Aim of the exercise: Begin at the first line of the data and copy each line through the one containing "The night before", that line included, with no pictures.

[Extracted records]

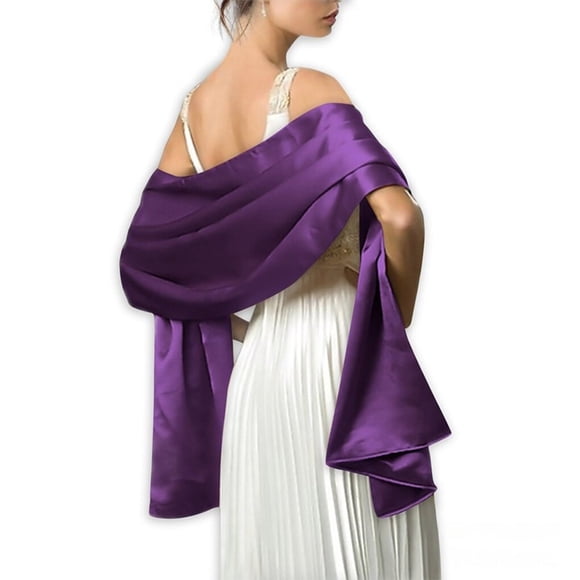 Wedding Dance Ball Women Satin Shawl Wedding Ceremony Dance Ball Girls Evening Party Banquet Prom Stylish Decorative Scarf Solid Color Decor Purple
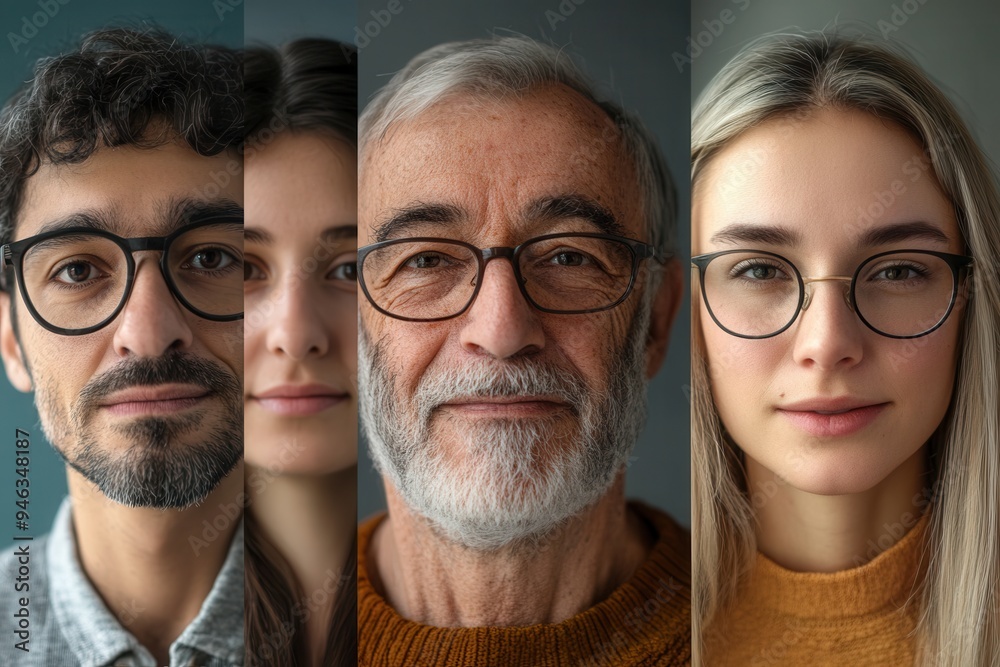A diverse group of individuals with distinct facial features and expressions is captured in a series of close-up portraits. Each person shows a unique style. Generative AI A diverse group of individuals with distinct facial features and expressions is captured in a series of close-up portraits. Each person shows a unique style. Generative AI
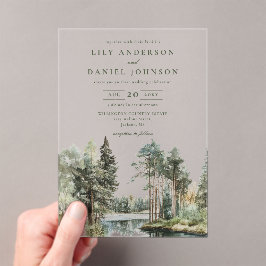 Woodland Forest Lake Wedding Acrylic Invitation Acryl Uitnodigingen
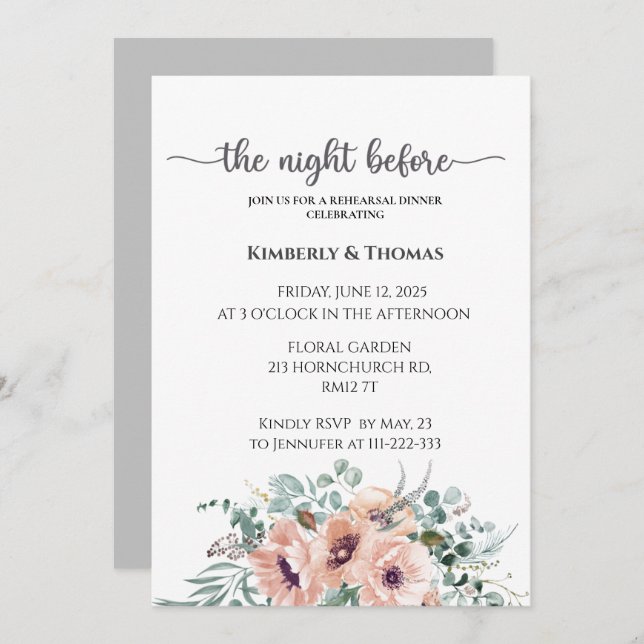 The night before rehearsal dinner invitation (Front/Back)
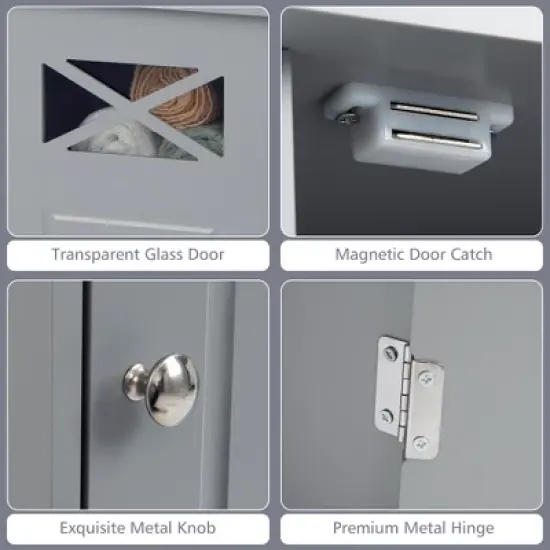 Tangkula Bathroom Cabinet Free Standing Storage Side Table Organizer Adjustable Grey image {5}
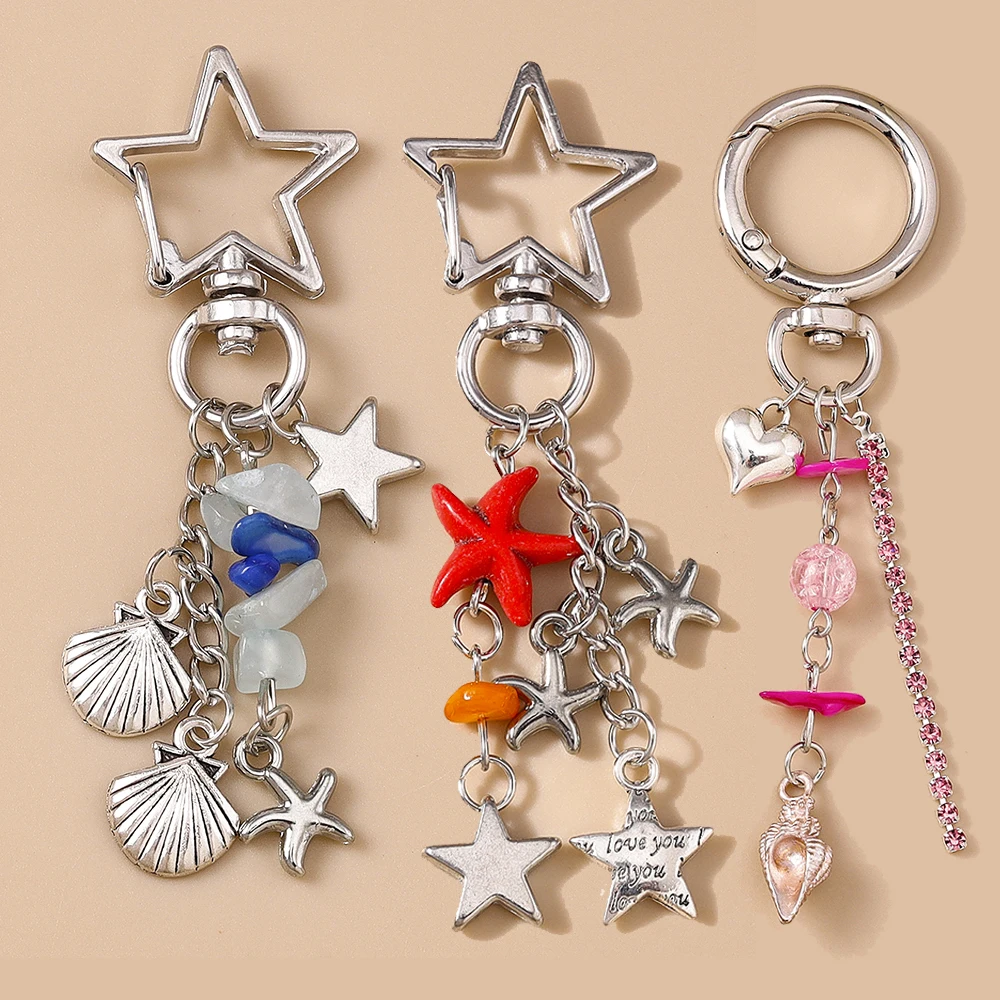 Aihua Y2K llavero Ins lindo aleación verano playa Concha estrella de mar llaveros cadena para Mujeres Hombres bolso joyería regalos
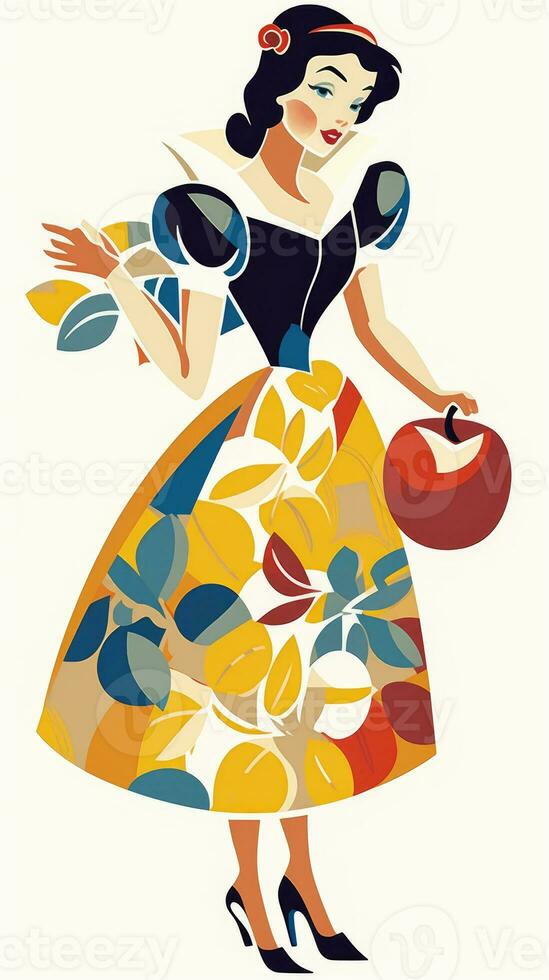 snow white fairytale character cartoon illustration fantasy cute drawing book art poster graphic photo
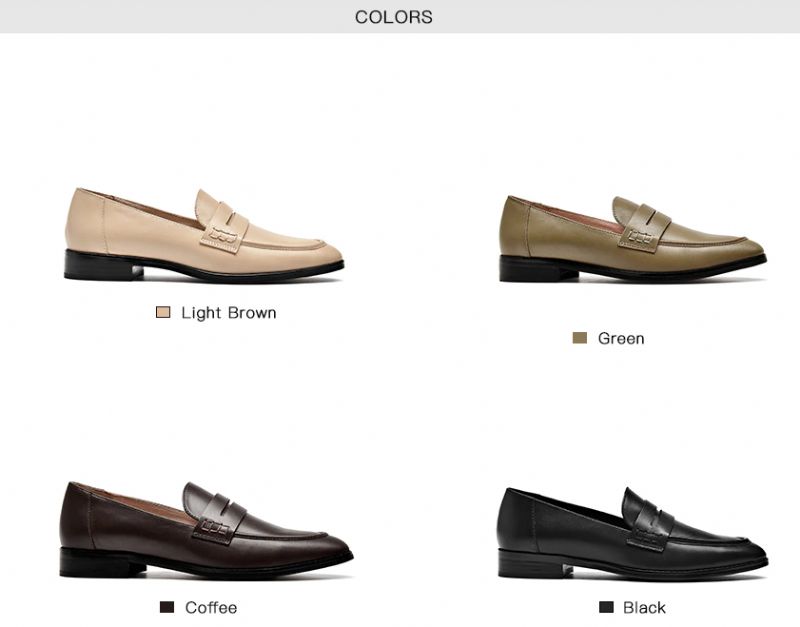 Cerezos Dames Leren Loafer Schoenen - Zwart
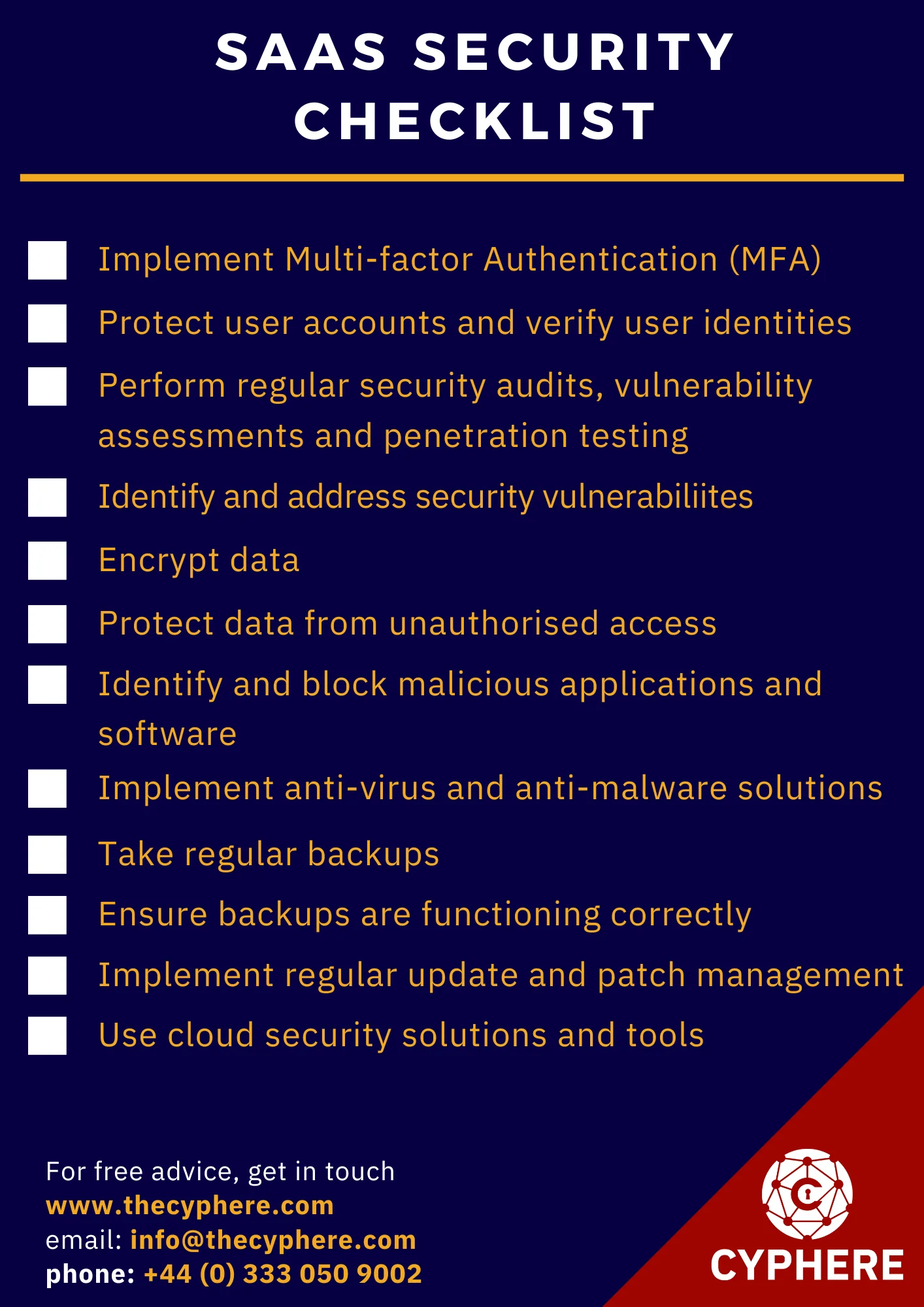 Role of security in SaaS: Issues and best practices checklist 1 SaaS security checklist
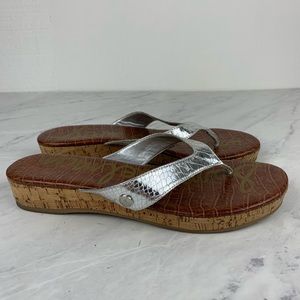 Sam Edelman Silver & Tan Flip Flops, Size 9M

Answer to this task:
 Wedding Dance Ball Women Satin Shawl Wedding Ceremony Dance Ball Girls Evening Party Banquet Prom Stylish Decorative Scarf Solid Color Decor Purple
A diverse group of individuals with distinct facial features and expressions is captured in a series of close-up portraits. Each person shows a unique style. Generative AI A diverse group of individuals with distinct facial features and expressions is captured in a series of close-up portraits. Each person shows a unique style. Generative AI
 Woodland Forest Lake Wedding Acrylic Invitation Acryl Uitnodigingen
 The night before rehearsal dinner invitation (Front/Back)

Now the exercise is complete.